O que é que a Polícia Militar de São Paulo tem na cabeça?
Não bastasse a violência desnecessária com a qual lidou com a manifestação contra o aumento nas passagens de ônibus e metrô, que percorreu a região central da cidade, na noite desta terça (12), a PM agora deu de deter jornalistas.
Durante os protestos, vários colegas, como o do jornal Folha de S. Paulo, foram detidos em flagrantes cenas de abuso de autoridade por parte da força policial, simplesmente porque estavam cumprindo o seu dever de registrar o que acontecia e divulgar à sociedade. Ao que tudo indica, os que pertencem a veículos grandes foram soltos. Já Pedro Ribeiro Nogueira, repórter do portal Aprendiz, continuava detido até a manhã desta quarta enquanto escrevo este post.

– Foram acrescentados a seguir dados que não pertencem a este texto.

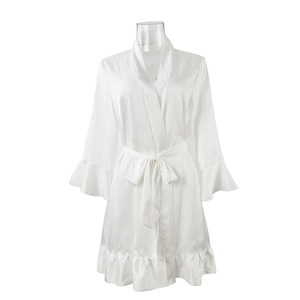 Abito Kimono per la sposa e le damigelle d'onore camicia da notte della ragazza all'ingrosso modello floreale personalizzato in raso di seta personalizzato da donna Sexy - Product Image 2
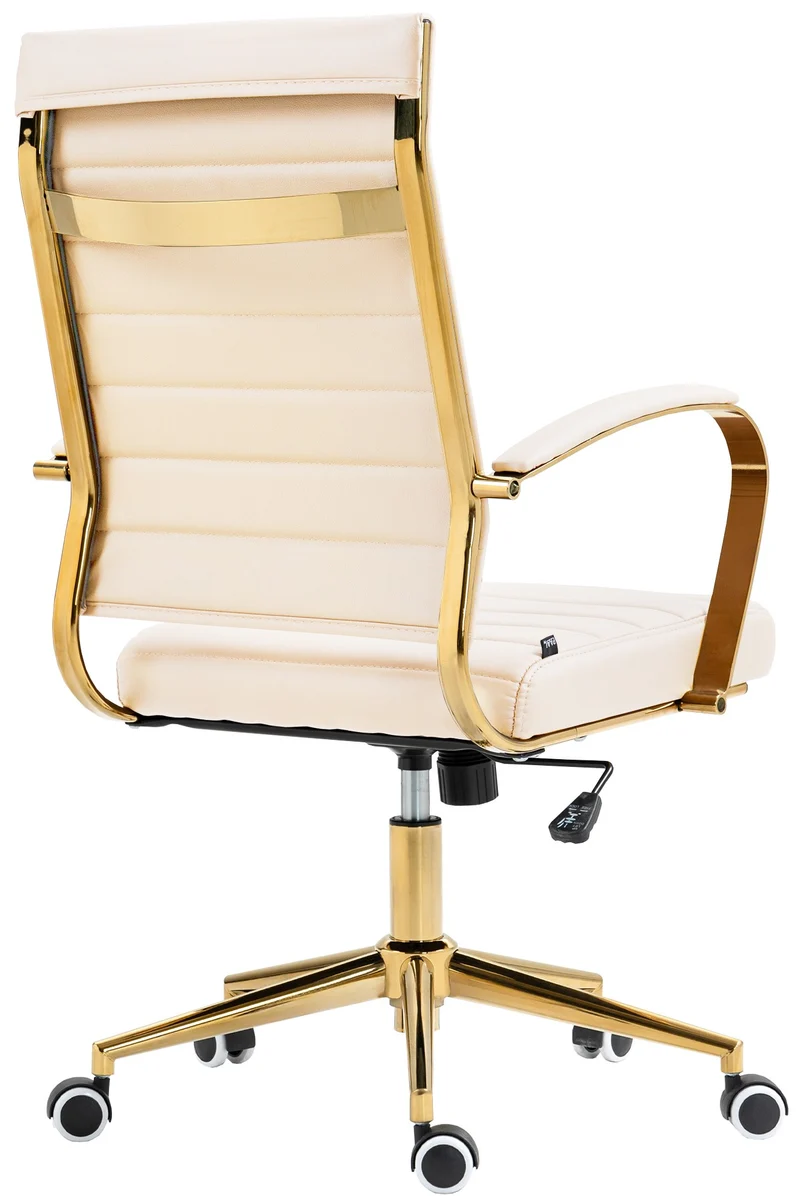 Fauteuil de bureau design chic dossier ergonomique en similicuir crème cadre métal doré BUR10711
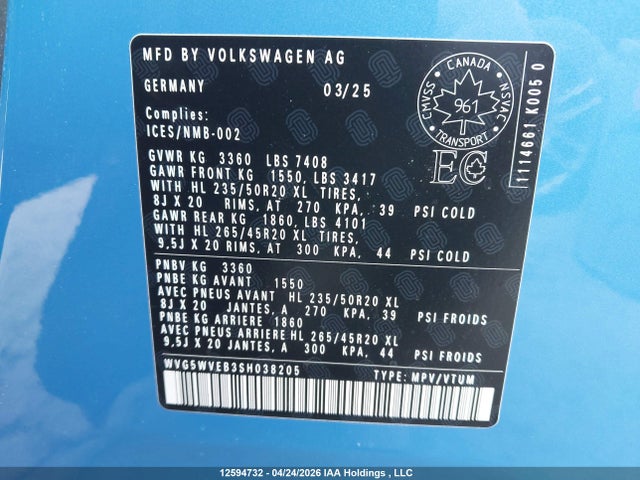 WVG5WVEB3SH038205 Volkswagen Id. Buzz 1st Edition
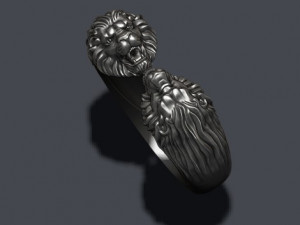 Two head lion ring Modèles 3D en vedette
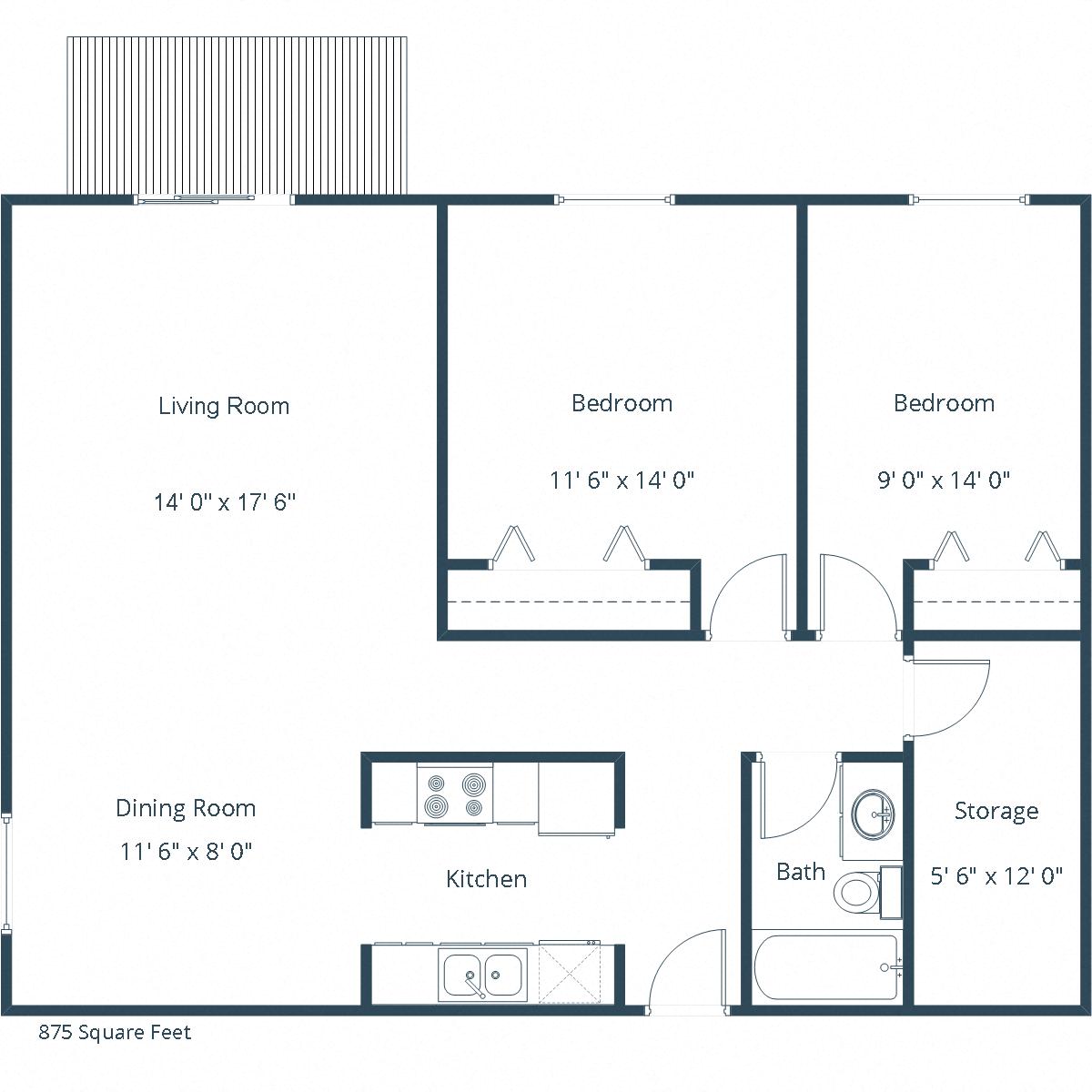 Floor plan for 2 beds, 1 bath, 875 sqft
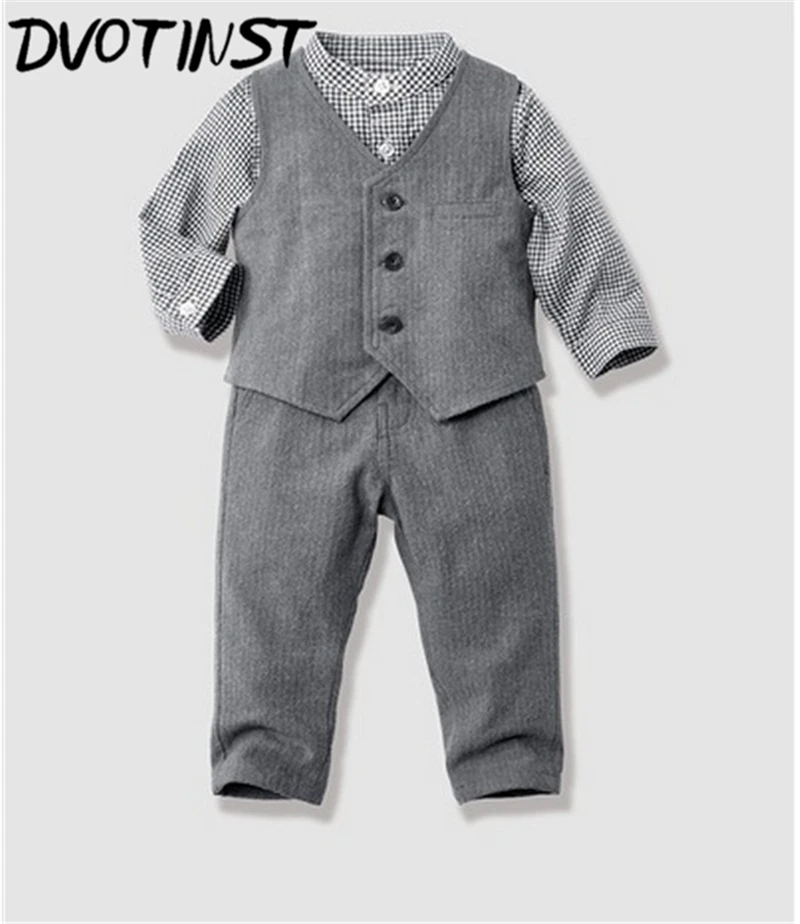 Baby Boys Clothes Full Sleeves Gentleman Grey Formal Suit Shirt+Vest+Pants 3pcs Set Outfit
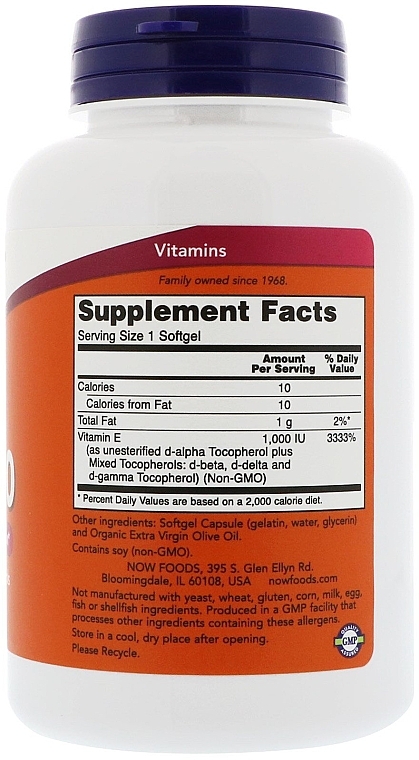 Vitamin E-1000, softgels - Now Foods Natural E-1000 With Mixed Tocopherols Softgels — photo N2
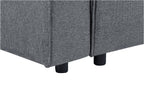 Corner Sofa Bed KARILA Fabric Dark Grey with Storage 3 Seater Right Hand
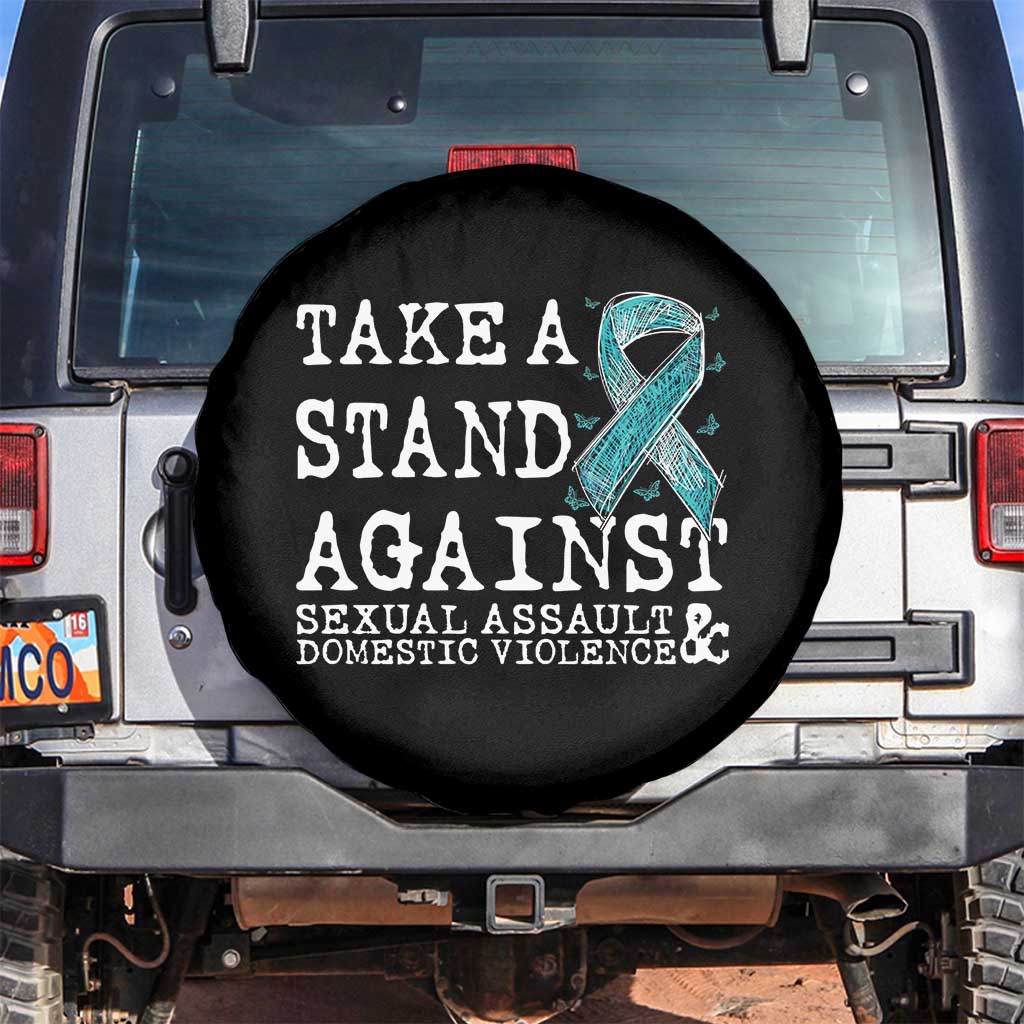 Sexual Assault Awareness Month Spare Tire Cover Stand Against Sexual Assault & Domestic Violence TS14 No hole Black Print Your Wear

Durante a dispersão do protesto, duas jovens apanhavam de policiais quando Pedro aproximou-se para convencê-los a parar com aquilo. Ele fez uma escolha que nós, jornalistas, somos instados a tomar muitas vezes na profissão: ficar observando, tentando se portar como um narrador em terceira pessoa (em uma concepção fictícia de imparcialidade), ou assumir que fazemos parte de um tecido social e interagir com ele. As duas têm implicações éticas. Pedro assumiu a que considero a mais humana.
Como resposta, foi atacado por sete policiais e levado para a delegacia. Ele estaria sendo acusado de dano qualificado e formação de quadrilha. Do jeito em que as liberdades individuais andam por aqui, trabalhar em redação jornalística passará a ser em breve formação de quadrilha. Se sobrar redação depois dos passaralhos, é claro.
Conversei com representantes do jornalista. Segundo elas, Severino Pereira, delegado que está cuidando do caso, não aceitou recebê-las, muito menos testemunhas da prisão. Tentei contato com o delegado, mas sem sucesso.
Pedro estava onde um jornalista deveria estar na noite desta terça de São Paulo. E fez o que foi certo não apenas como profissional, mas como cidadão. E está sendo penalizado por isso.
Além do despreparo de parte da corporação para lidar com gente, a única coisa que posso vir a pensar é que isso é herança reafirmada de uma ditadura militar que pode até ter ido embora, mas deixou seus métodos enraizados em nossa democracia.
Mais do que um país sem memória e com pouca Justiça, temos diante de nós um Brasil conivente com a violência como principal instrumento de ação policial. Enquanto não acertarmos as contas com o nosso passado, não teremos capacidade de entender qual foi a herança deixada por ele – na qual estamos afundados até o pescoço e nos define. Foram-se as garrafas, ficaram-se os rótulos. A ditadura se foi, sua influência permanece. Não somos um país que respeita os direitos e não há perspectivas para que isso passe a acontecer pois, acima de tudo, falta entendimento. Além do mais, veículos de comunicação que se furtam a mostrar todos os lados do fato e, consequentemente, fica mais difícil angariar apoio da própria população.
O impacto desse não-apoio se faz sentir no dia-a-dia nos protestos de rua, nos distritos policiais, nas salas de interrogatórios, nas periferias das grandes cidades, nos grotões da zona rural, em presídios, com o Estado aterrorizando parte da população com a anuência da outra parte.
Se esse jornalista for mantido sob custódia, sugiro que os representantes dos governos estadual e municipal se furtem a dizer, nos eventos dos quais estão participando na Europa, que o Brasil é um país com liberdade de expressão. Pois eles não saberão do que estão falando.
A excreção é livre e a privada pública.